Savages and Palma Violets – Live

13 Aug

The Haunt, Brighton: Tuesday, August 12, 2012

Savages and Palma Violets have been hyped to the hilt with expectations stoked by both bands refusal to spill their songs all over the internet.

The chatter has intensified, even though the former are yet to sign a deal, while rumour has it the latter were snapped up by Rough Trade on the back of one track.

It’d be good to know which song it was that got the fresh-faced four-piece noticed: maybe it was the Clash-addled shout-along, or the swampy, Doors number where singer Sam Fryer gives Jim Morrison a run for his money in the frenzied cool stakes.
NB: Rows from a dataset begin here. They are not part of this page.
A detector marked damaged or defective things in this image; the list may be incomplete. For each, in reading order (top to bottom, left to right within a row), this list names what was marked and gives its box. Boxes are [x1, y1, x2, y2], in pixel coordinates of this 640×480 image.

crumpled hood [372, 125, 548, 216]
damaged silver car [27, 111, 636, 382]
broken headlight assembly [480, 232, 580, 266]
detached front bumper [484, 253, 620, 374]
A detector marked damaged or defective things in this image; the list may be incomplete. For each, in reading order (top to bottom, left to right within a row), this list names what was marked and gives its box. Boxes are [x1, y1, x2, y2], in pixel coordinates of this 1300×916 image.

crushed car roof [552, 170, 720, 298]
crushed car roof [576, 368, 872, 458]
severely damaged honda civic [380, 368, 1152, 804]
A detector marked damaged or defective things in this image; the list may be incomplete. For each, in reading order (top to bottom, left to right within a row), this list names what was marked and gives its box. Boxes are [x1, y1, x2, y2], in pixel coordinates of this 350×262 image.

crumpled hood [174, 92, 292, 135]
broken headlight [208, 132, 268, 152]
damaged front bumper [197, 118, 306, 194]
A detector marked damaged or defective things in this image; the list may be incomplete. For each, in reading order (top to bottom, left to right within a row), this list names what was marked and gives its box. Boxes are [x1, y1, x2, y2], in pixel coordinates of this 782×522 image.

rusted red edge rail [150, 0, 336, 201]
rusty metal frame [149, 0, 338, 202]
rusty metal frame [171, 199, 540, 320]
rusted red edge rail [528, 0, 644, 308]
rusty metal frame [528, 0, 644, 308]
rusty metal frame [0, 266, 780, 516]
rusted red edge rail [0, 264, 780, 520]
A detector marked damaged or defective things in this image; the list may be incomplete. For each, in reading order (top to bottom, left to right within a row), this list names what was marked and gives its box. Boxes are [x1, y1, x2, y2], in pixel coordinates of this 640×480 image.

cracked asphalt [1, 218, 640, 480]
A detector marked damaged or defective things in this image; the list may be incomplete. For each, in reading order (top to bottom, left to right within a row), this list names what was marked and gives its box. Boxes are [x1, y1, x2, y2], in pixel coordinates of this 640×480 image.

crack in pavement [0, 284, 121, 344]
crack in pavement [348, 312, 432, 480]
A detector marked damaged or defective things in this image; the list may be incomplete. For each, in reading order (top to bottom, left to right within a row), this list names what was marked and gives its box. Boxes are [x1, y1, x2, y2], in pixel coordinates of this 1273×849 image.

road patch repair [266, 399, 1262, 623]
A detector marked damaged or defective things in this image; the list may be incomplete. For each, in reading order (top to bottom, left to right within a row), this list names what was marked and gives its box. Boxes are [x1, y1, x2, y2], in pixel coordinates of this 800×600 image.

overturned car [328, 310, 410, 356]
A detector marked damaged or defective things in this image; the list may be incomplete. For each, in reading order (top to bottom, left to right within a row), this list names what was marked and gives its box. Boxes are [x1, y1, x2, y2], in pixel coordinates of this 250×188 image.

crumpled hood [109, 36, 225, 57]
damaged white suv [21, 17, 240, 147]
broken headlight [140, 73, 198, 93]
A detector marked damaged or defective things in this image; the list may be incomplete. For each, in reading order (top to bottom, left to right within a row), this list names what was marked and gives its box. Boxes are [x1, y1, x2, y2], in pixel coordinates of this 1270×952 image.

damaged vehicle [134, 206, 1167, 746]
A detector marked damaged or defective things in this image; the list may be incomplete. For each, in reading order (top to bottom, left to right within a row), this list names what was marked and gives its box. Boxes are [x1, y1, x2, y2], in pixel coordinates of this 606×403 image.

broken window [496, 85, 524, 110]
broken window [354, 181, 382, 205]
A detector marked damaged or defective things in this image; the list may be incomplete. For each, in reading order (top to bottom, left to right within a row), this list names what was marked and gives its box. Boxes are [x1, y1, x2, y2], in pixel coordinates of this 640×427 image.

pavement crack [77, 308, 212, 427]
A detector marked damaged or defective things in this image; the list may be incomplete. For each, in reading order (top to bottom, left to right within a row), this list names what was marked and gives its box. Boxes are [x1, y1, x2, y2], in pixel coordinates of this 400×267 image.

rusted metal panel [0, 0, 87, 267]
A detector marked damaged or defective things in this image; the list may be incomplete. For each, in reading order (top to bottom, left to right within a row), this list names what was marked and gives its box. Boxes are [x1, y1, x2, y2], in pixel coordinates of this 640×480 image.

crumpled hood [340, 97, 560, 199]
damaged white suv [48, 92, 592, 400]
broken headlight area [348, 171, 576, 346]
But it was probably either Best Friends or Fourteen two catchy tracks that appear to have fallen off the back of the Libertines’ lorry.

The constant, underlying Farfisa organ is just about the only original touch, but at least they have the decency to ape more than one band. And they do it ridiculously well. They’ll be huge.

Female four piece Savages are similarly proud to wear their influences on their sleeves, although they fashion their gothic post-punk into a more consistent set.

Theirs is a sound proudly rooted in 1980 with its ghostly guitar, booming bass drum and frequently single note vocals, which are occasionally punctuated by severe ‘ohs’ across the verses.

Diminutive singer Jehnny Beth, armed with little more than an icy glare, is a captivating presence, though, jerking hypnotically through the livelier moments.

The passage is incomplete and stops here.